### Task prompt
The material below has pictures in it. Set down only the lines from the line containing "VOLVO XC60 2.0" through the line containing "Dolsan-eup House |", word for word, and leave the pictures behind.

━━━ Records provided ━━━

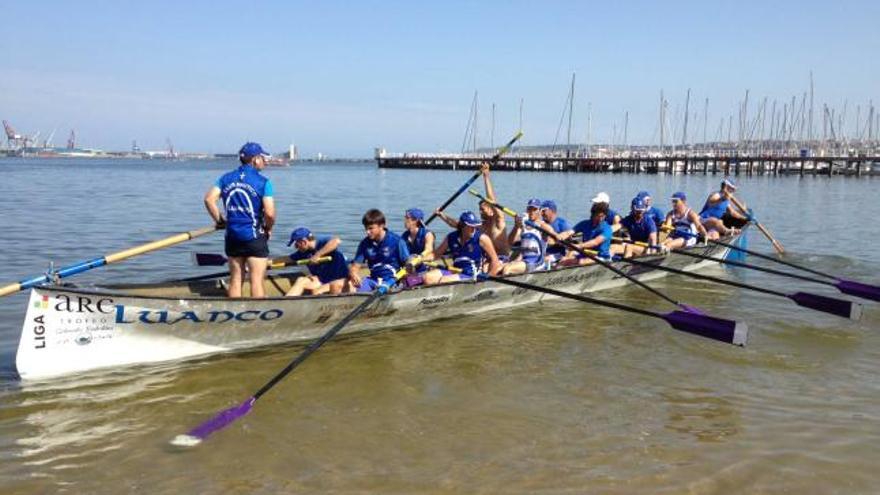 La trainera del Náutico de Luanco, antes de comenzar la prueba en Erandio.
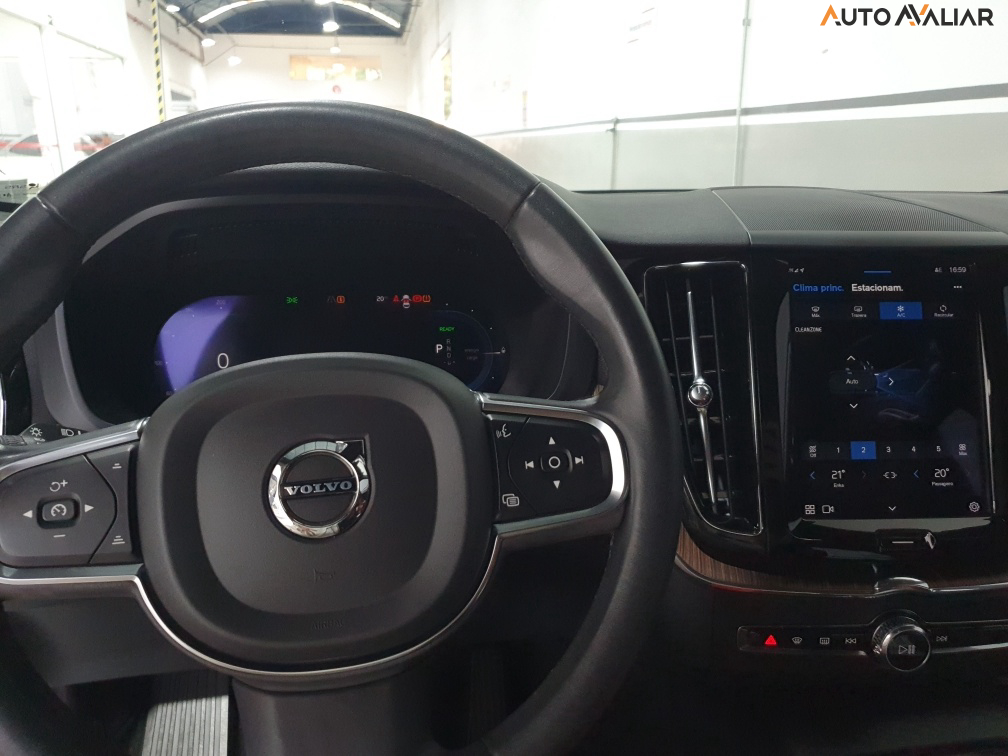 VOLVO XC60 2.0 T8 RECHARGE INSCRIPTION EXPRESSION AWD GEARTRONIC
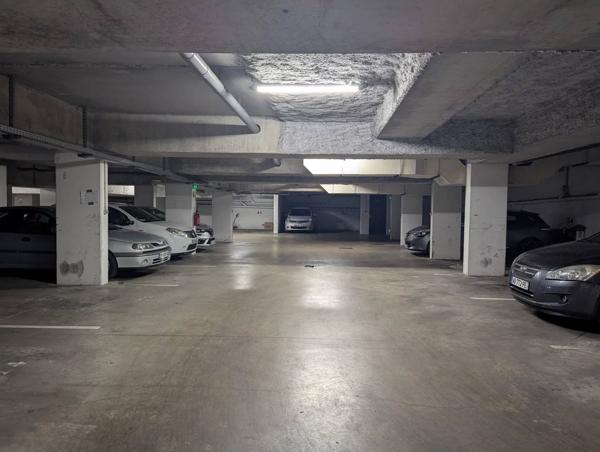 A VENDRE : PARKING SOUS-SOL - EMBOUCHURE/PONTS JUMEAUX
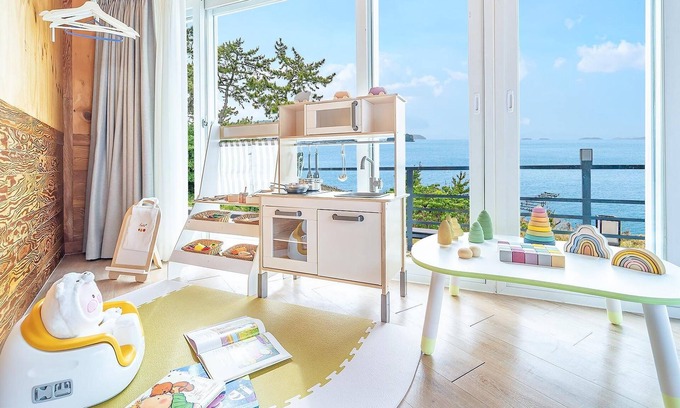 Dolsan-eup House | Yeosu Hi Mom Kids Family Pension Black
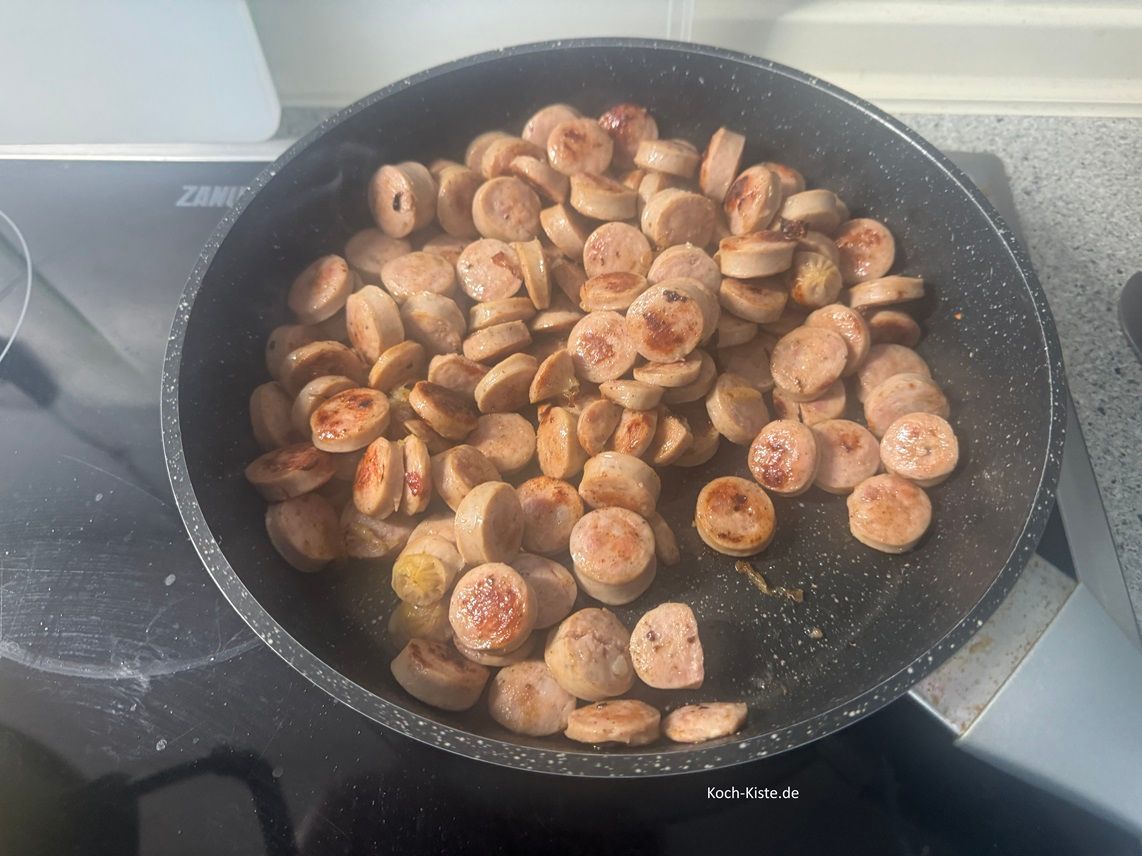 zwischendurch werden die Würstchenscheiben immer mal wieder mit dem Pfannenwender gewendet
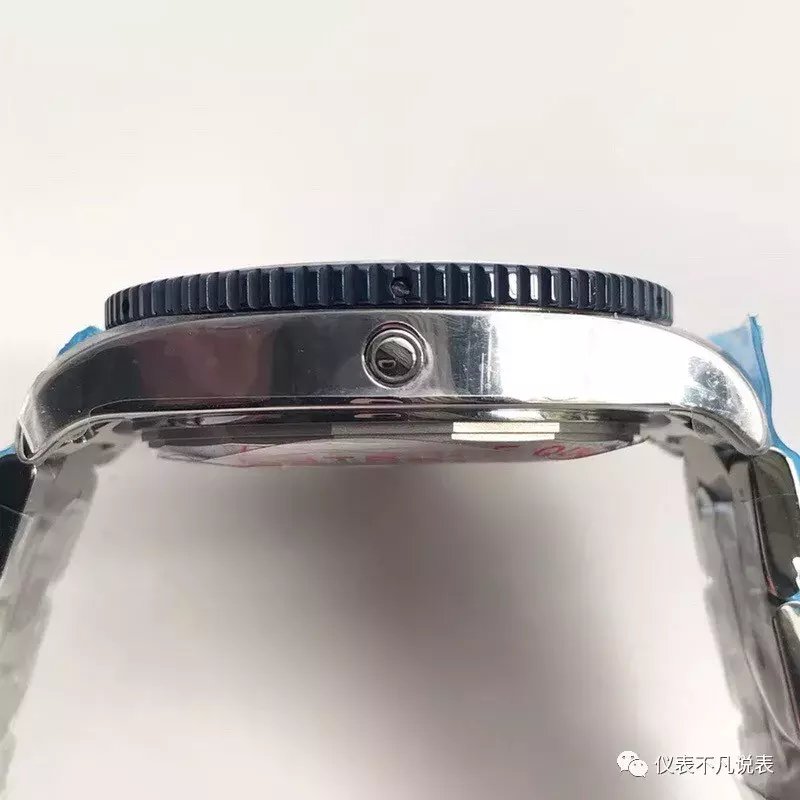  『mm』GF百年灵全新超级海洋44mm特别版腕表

━━━
━━━ Records provided ━━━

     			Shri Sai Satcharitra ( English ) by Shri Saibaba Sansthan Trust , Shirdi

━━━

### Solution
 VOLVO XC60 2.0 T8 RECHARGE INSCRIPTION EXPRESSION AWD GEARTRONIC
 A VENDRE : PARKING SOUS-SOL - EMBOUCHURE/PONTS JUMEAUX
 Dolsan-eup House | Yeosu Hi Mom Kids Family Pension Black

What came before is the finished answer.